In [1]:
import torch
import torch.nn as nn
import torch.nn.functional as F
import torchvision.models as models
from torch.utils.data import DataLoader
from torchvision import transforms, datasets
import random

device = torch.device("cuda" if torch.cuda.is_available() else "cpu")

# ----------------------------
# 1. Feature Extractor (ResNet-18)
# ----------------------------
class FeatureExtractor(nn.Module):
    def __init__(self):
        super(FeatureExtractor, self).__init__()
        resnet = models.resnet18(pretrained=True)
        self.feature_extractor = nn.Sequential(*list(resnet.children())[:-1])

    def forward(self, x):
        x = self.feature_extractor(x)
        return x.view(x.size(0), -1)

# ----------------------------
# 2. Gating Network (Expert Selection)
# ----------------------------
class GatingNetwork(nn.Module):
    def __init__(self, input_dim, num_experts):
        super(GatingNetwork, self).__init__()
        self.fc = nn.Linear(input_dim, num_experts)

    def forward(self, x):
        logits = self.fc(x)
        
        # Gumbel-Softmax for hard expert selection
        gumbel_noise = -torch.log(-torch.log(torch.rand_like(logits) + 1e-10) + 1e-10)
        expert_scores = F.softmax((logits + gumbel_noise) / 0.5, dim=1)

        # Select the highest scoring expert
        chosen_expert = torch.argmax(expert_scores, dim=1)

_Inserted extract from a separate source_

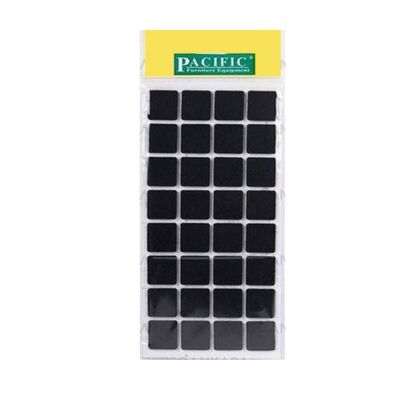 Pacific Square Self-Adhesive Felt Pad Furniture Floor Protector 25mm x 25mm Black - 1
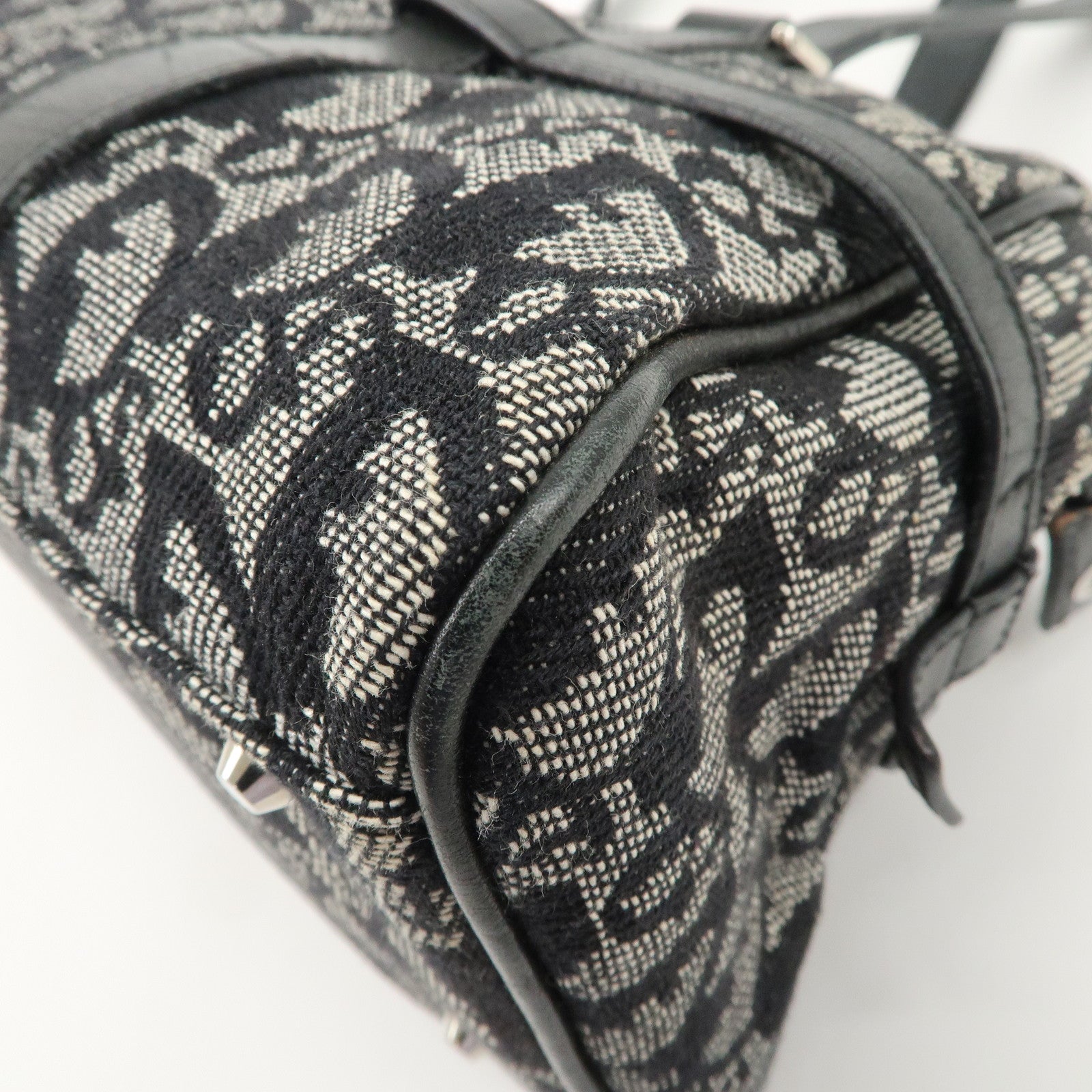 Christian Dior Trotter Canvas Leather Mini Boston Bag Navy Used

        # One-hot encoding of the chosen expert
        hard_expert = F.one_hot(chosen_expert, num_classes=expert_scores.shape[1]).float()

        return hard_expert, expert_scores

# ----------------------------
# 3. Masked Classifier (Neuron Masking)
# ----------------------------
class MaskedFeatureExtractor(nn.Module):
    def __init__(self, input_dim, hidden_dim):
        super(MaskedFeatureExtractor, self).__init__()
        
        # Feature extractor layers
        self.fc1 = nn.Linear(input_dim, hidden_dim)
        
        # Store mask per task
        self.masks = []

    def apply_mask(self, x, task_id):
        """
        Apply the mask corresponding to the current task.
        """
        mask = self.masks[task_id] if task_id < len(self.masks) else torch.ones_like(x)
        return x * mask

    def forward(self, x, task_id):
        x = F.relu(self.fc1(x))
        x = self.apply_mask(x, task_id)  # Apply task-specific mask
        return x

class TaskSpecificClassifier(nn.Module):
    def __init__(self, hidden_dim, output_dim):
        super(TaskSpecificClassifier, self).__init__()
        
        # Final classification layer
        self.fc2 = nn.Linear(hidden_dim, output_dim)
    
    def forward(self, x):
        return F.softmax(self.fc2(x), dim=1)


In [2]:
def prune_neurons(model, prune_percentage=0.2):
    """
    Prune neurons based on magnitude and create a mask for the task.
    
    Parameters:
    - model: The classifier being pruned
    - prune_percentage: Percentage of neurons to prune
    """
    with torch.no_grad():
        for name, param in model.named_parameters():
            # if 'fc1.weight' in name:
                # Get the absolute values of the weights
                weights = torch.abs(param.data)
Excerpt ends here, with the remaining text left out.